GOVERNMENT INTERVENTION

The Chancellor Rishi Sunak has stated that the government is happy to pay 80% of the wages of furloughed staff, up to £2,500 each month, while the crisis continues. This relatively generous offer was warmly welcomed by many, though it seems there has been a problem getting that cash to those on the ground quickly. And of course, we should also remember some construction sites have so far remained open for business despite social distancing fears.

Indeed, the Health and Safety Executive has warned employers that if they don't stick to the social distancing guidelines, they could have sites suspended and face fines.

North of the border, the Scottish Government stated in a guidance note that the construction sector and its supply chain is “considered a non-essential business sector”, except when supporting essential types of work.

SAFEGUARDING THE FUTURE

Construction company Mace Group has already furloughed 800 staff - Chief Executive Mark Reynolds said: “What the furlough scheme has enabled us to do is keep the capacity and capability within our business so that when we come through this, we can then re-deploy our people immediately so we can go back to work.”

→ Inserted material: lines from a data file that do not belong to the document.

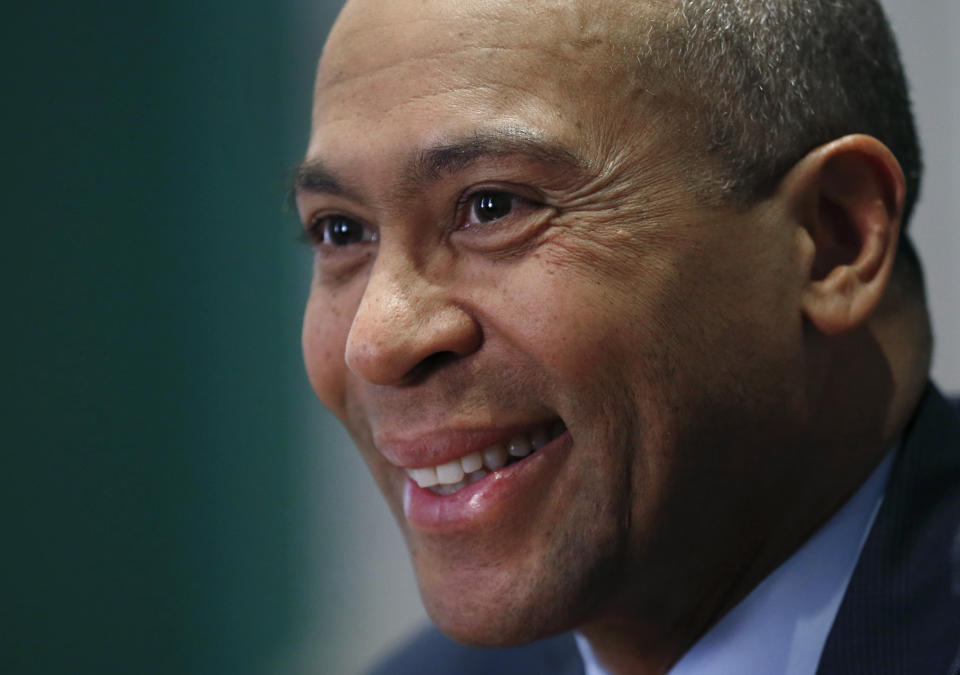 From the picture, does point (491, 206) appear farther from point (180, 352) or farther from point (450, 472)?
point (180, 352)

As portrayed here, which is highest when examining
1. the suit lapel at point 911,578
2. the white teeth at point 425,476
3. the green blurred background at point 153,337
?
the green blurred background at point 153,337

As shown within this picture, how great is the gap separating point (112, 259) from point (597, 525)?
1.75 meters

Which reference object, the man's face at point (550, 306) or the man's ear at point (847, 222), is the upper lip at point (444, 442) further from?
the man's ear at point (847, 222)

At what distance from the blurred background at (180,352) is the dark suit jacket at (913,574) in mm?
1140

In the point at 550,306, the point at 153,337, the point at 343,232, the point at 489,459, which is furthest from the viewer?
the point at 153,337

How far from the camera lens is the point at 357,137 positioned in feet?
4.17

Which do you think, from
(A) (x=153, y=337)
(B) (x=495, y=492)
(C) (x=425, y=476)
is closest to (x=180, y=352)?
(A) (x=153, y=337)

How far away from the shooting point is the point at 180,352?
2715 millimetres

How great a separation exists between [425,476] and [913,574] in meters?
0.61

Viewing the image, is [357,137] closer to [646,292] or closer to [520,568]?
[646,292]

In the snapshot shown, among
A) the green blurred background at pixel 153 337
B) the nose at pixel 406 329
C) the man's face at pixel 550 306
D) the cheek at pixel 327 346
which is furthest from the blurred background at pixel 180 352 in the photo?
the nose at pixel 406 329

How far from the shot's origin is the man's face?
3.90 ft

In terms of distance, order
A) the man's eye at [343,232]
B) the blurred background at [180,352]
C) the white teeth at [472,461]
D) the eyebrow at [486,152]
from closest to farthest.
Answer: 1. the eyebrow at [486,152]
2. the white teeth at [472,461]
3. the man's eye at [343,232]
4. the blurred background at [180,352]

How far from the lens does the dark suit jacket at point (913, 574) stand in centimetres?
123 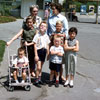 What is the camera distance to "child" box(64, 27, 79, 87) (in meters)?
6.38

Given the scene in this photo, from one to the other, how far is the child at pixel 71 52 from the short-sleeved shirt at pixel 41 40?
0.45 m

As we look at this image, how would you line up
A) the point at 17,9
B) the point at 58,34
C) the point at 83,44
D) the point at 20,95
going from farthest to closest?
the point at 17,9, the point at 83,44, the point at 58,34, the point at 20,95

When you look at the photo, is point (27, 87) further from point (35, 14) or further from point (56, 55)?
point (35, 14)

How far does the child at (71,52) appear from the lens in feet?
20.9

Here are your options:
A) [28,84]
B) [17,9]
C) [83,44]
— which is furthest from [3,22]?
[28,84]

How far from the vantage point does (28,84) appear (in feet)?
20.2

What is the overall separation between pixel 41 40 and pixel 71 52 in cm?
72

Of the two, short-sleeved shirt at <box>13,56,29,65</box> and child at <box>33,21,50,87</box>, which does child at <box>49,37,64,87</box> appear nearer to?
child at <box>33,21,50,87</box>

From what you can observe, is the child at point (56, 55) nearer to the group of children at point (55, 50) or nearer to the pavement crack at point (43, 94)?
the group of children at point (55, 50)

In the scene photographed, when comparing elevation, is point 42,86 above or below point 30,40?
below

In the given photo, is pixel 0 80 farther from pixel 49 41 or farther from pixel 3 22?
pixel 3 22

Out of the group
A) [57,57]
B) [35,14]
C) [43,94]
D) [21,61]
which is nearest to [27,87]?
[43,94]

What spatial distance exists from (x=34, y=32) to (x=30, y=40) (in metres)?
0.21

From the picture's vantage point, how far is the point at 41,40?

A major benefit of the furlough scheme is employees have the assurance and security of knowing they have jobs to come back to. When it comes to experienced workers, much like those in the scaffolding industry, this can also reduce hiring needs going forward. In fact, some firms use this type of plan on a regular basis.

WHY LAY OFF?

So why choose to lay people off? Perhaps the biggest reason lies in the fact some firms simply can't wait for the money to come through. Cash-flow is all-important with some companies in the industry and there are a number of firms with less than a month's cash-flow in reserve. Given this, it seems a number of organisations have opted to try and save money by laying off staff in the hope they can recruit again when the market turns. However, this in itself could have serious long-term repercussions. While it makes sense, given the government's scheme to utilise the help already available, there is always the site safety issue to consider.

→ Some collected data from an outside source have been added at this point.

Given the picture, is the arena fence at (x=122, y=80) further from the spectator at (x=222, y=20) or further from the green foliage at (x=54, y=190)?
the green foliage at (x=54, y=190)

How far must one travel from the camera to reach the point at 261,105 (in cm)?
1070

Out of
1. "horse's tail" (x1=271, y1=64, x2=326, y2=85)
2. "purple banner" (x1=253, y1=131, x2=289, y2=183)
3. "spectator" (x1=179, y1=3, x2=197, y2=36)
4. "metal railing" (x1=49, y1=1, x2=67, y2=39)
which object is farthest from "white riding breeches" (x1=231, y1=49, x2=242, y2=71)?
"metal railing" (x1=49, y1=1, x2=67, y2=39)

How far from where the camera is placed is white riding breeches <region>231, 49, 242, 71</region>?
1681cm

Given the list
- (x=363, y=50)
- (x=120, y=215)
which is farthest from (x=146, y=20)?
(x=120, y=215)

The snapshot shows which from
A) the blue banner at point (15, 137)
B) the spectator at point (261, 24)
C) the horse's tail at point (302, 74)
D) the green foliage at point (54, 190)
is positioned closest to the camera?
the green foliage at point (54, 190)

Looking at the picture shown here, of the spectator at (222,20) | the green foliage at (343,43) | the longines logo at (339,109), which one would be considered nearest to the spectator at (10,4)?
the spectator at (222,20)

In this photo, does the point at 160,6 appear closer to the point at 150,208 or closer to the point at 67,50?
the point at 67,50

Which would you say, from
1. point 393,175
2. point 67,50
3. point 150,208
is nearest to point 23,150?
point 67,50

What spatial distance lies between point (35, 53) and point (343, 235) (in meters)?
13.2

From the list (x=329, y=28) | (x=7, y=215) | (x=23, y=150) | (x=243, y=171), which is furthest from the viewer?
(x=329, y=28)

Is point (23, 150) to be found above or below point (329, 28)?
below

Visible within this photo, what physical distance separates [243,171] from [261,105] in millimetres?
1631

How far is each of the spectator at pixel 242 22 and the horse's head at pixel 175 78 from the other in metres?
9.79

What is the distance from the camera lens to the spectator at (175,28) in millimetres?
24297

In light of all this, a new phrase has been doing the rounds in the scaffolding industry as Robert Candy, Chief Executive of the Scaffolding Association, explains: “People before profit is a phrase we are hearing more and more regularly as the effects of COVID-19 tear through our industry. This shouldn’t be something we have to advocate, it shouldn’t even be a consideration, we should be ensuring that we protect our people. The people that our industry will need in the future when the time comes for us to operate without the current measures we are having to adhere to.”

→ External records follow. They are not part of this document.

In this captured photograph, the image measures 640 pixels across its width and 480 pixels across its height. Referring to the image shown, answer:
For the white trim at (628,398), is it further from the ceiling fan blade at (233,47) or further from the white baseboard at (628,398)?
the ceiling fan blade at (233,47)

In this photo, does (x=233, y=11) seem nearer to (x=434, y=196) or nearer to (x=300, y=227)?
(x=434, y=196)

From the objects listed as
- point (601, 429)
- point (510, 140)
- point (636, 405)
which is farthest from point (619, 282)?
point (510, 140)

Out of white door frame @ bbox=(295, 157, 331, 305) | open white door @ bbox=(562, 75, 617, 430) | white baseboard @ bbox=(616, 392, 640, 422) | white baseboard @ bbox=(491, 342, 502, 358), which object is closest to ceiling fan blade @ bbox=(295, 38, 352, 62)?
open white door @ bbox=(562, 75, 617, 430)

National Access and Scaffolding Confederation (NASC) Managing Director Robert James added: “We have made considerable efforts to speak with scaffolding contractors of all shapes and sizes to better understand the challenges they are currently facing.”

The Health and Safety Executive have said: “Firms that can safely stay open and support livelihoods should not be forced to close by misunderstandings about government guidance.”

EXTENDED LOAN SCHEME

The good news is the government has extended the Coronavirus Business Interruption Loan Scheme introduced in March of this year. It means all viable small businesses, including those in the scaffolding industry affected by COVID-19, will be eligible should they need financial help to keep operating during the current crisis.

The scheme offers support to small and medium-sized businesses with an annual turnover of up to £45 million. It includes access loans, overdrafts, invoice finance and asset finance of up to £5 million for up to six years.

Those unfortunate enough to be laid off with no guarantee of returning to a job can apply for universal credit – but is this the right way to treat employees at a crucial time for the industry?

STAYING STRONG

Even at the time of writing, the situation for some is changing by the day – the industry can only hope laying off workers has reached its plateau, as more and more firms make use of government help. In general terms the recovery of the economy once these dark days are over will still be a slow and often painful process. The scaffolding industry needs to ensure its highly skilled workers are protected as much as possible.